Dr. Luther gave an invited presentation on Civil War Photo Sleuth at the grand opening celebrations of the American Civil War Museum in Richmond, VA, on May 4. He was one of eight Emerging Scholars invited to speak. The museum described the event and program as follows:
On Saturday, May 4, 2019, the American Civil War Museum celebrates the grand opening of its new museum building and exhibits. As part of that program, the ACWM will highlight some of the most interesting work of the next generation of writers, communicators, and thinkers of Civil War era history/public history with a series lightning talks by emerging professionals in their field. Over the winter, ACWM staff reviewed many applications and selected eight individuals in the early phases of their careers who represented a blend of compelling scholarship and communication skills.

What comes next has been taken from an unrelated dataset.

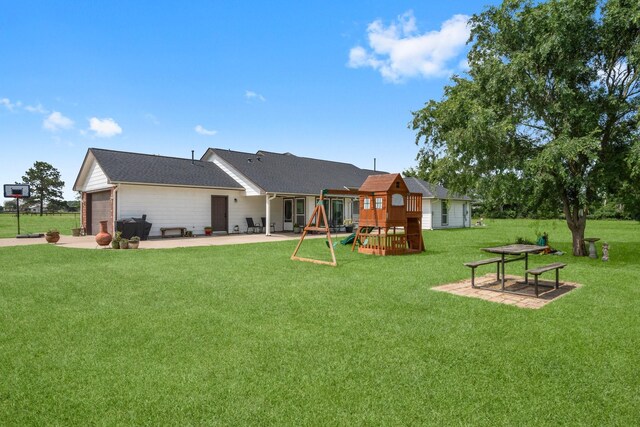 34334 Howell Rd, Waller, TX 77484 - rear view of property featuring a yard, a playground, an attached garage, a patio area, and concrete driveway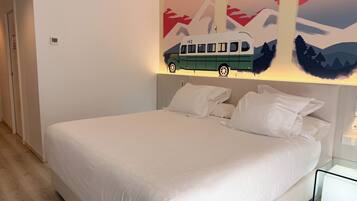Une chambre moderne avec un grand lit, une tête de lit dotée d’un éclairage intégré et une œuvre d’art représentant un train, accrochée au mur.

You can read more about the grand opening of the museum here.
Our paper, “Photo Sleuth: Combining Human Expertise and Face Recognition to Identify Historical Portraits,” received the Best Paper Award at IUI 2019 in Los Angeles, CA. This award recognized the best paper among 282 submissions. Congratulations to lead author Vikram Mohanty (CS Ph.D. student), David Thames (CS undergraduate), and Sneha Mehta (CS Ph.D. student). A video of the talk (presented by Dr. Luther is embedded below.
Dr. Luther gave an invited presentation, titled “Civil War Photo Sleuthing: Past, Present, and Future” at Civil War Photo Talks in Arlington, VA, co-sponsored by Military Images Magazine and Civil War Faces. Other invited speakers included Ann Shumard, National Portrait Gallery; Micah Messenheimer, Library of Congress; Bryan Cheeseboro, National Archives; and Rick Brown, Military Images. The abstract for Dr. Luther’s talk was as follows:
People have struggled to identify unknown soldiers and sailors in Civil War photos since even before the war ended. In this talk, I trace the 150-year history of photo sleuthing, showing how the passage of time has magnified some challenges, but also unlocked exciting new possibilities. I show how technologies like social media, face recognition, and digital archives allow us to solve photo mysteries that have eluded families and researchers for a century and a half.